Scan, Materialize, Simulate: A Generalizable Framework for Physically Grounded Robot Planning
Amine Elhafsi, Daniel Morton, Marco Pavone
TL;DR
The paper tackles physically grounded robot planning in unstructured environments by bridging scene reconstruction, semantic/material understanding, and physics-based prediction. It introduces Scan, Materialize, Simulate (SMS), a framework that uses 3D Gaussian Splatting for geometry, visual foundation models for object segmentation, a vision-language model for material inference, and a physics engine for outcome prediction, enabling generalizable, object-centric planning. The approach is validated on billiards-inspired manipulation and quadrotor landing in both simulated domain transfer and real hardware, showing robust physical reasoning beyond purely data-driven policies. By integrating differentiable rendering, semantic understanding, and Newtonian mechanics, SMS provides a practical path toward physically grounded robot planning across diverse settings.
Abstract
Autonomous robots must reason about the physical consequences of their actions to operate effectively in unstructured, real-world environments.

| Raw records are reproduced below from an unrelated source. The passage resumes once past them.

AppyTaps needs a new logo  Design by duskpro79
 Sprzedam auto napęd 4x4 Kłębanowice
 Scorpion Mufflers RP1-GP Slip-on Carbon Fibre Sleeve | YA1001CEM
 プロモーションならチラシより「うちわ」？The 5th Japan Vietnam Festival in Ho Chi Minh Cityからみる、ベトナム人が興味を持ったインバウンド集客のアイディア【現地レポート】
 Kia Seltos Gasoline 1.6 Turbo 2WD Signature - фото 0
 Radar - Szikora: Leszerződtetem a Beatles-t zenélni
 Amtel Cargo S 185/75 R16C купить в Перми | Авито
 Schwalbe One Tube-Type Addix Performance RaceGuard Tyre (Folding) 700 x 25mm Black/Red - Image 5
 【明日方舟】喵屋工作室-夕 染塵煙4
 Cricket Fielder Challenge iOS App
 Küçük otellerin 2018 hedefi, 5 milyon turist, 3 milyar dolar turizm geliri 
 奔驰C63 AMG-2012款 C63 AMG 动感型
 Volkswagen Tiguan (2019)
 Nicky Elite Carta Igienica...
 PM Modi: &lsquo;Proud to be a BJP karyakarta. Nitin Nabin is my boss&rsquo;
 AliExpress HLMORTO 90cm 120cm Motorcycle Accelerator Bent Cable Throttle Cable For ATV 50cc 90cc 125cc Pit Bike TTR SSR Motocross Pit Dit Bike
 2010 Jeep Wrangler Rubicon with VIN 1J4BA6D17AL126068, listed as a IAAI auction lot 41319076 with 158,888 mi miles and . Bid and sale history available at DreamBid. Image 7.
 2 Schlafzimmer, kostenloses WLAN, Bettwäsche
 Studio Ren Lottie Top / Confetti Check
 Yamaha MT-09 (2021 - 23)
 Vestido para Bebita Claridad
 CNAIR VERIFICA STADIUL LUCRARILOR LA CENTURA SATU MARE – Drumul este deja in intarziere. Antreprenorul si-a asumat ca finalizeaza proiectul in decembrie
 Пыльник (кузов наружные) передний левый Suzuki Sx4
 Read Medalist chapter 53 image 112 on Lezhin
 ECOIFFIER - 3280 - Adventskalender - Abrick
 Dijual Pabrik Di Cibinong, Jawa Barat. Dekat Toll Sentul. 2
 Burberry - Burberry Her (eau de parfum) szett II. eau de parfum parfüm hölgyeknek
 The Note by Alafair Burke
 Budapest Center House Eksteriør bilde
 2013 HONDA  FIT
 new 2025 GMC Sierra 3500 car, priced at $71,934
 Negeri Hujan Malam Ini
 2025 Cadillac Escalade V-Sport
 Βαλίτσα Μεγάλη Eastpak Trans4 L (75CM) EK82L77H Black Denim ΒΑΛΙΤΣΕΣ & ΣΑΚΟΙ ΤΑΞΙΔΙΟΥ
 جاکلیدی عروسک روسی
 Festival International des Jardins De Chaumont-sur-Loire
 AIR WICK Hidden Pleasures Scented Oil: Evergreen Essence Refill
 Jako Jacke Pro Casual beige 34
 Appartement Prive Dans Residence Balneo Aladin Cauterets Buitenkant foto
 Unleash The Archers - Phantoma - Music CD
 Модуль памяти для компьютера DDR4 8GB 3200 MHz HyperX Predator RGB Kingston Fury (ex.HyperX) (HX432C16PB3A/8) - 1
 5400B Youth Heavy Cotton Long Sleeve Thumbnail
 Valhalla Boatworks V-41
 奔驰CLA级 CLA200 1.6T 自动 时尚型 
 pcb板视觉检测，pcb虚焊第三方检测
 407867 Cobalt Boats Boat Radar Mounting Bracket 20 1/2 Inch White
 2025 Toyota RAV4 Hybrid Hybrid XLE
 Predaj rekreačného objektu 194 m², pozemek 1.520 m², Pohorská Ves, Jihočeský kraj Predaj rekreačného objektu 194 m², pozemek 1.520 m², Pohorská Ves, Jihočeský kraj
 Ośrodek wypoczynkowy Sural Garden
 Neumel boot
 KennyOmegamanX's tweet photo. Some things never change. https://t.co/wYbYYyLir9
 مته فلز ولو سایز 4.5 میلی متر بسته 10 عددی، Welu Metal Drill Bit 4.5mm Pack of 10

We present Scan, Materialize, Simulate (SMS), a unified framework that combines 3D Gaussian Splatting for accurate scene reconstruction, visual foundation models for semantic segmentation, vision-language models for material property inference, and physics simulation for reliable prediction of action outcomes. By integrating these components, SMS enables generalizable physical reasoning and object-centric planning without the need to re-learn foundational physical dynamics. We empirically validate SMS in a billiards-inspired manipulation task and a challenging quadrotor landing scenario, demonstrating robust performance on both simulated domain transfer and real-world experiments. Our results highlight the potential of bridging differentiable rendering for scene reconstruction, foundation models for semantic understanding, and physics-based simulation to achieve physically grounded robot planning across diverse settings.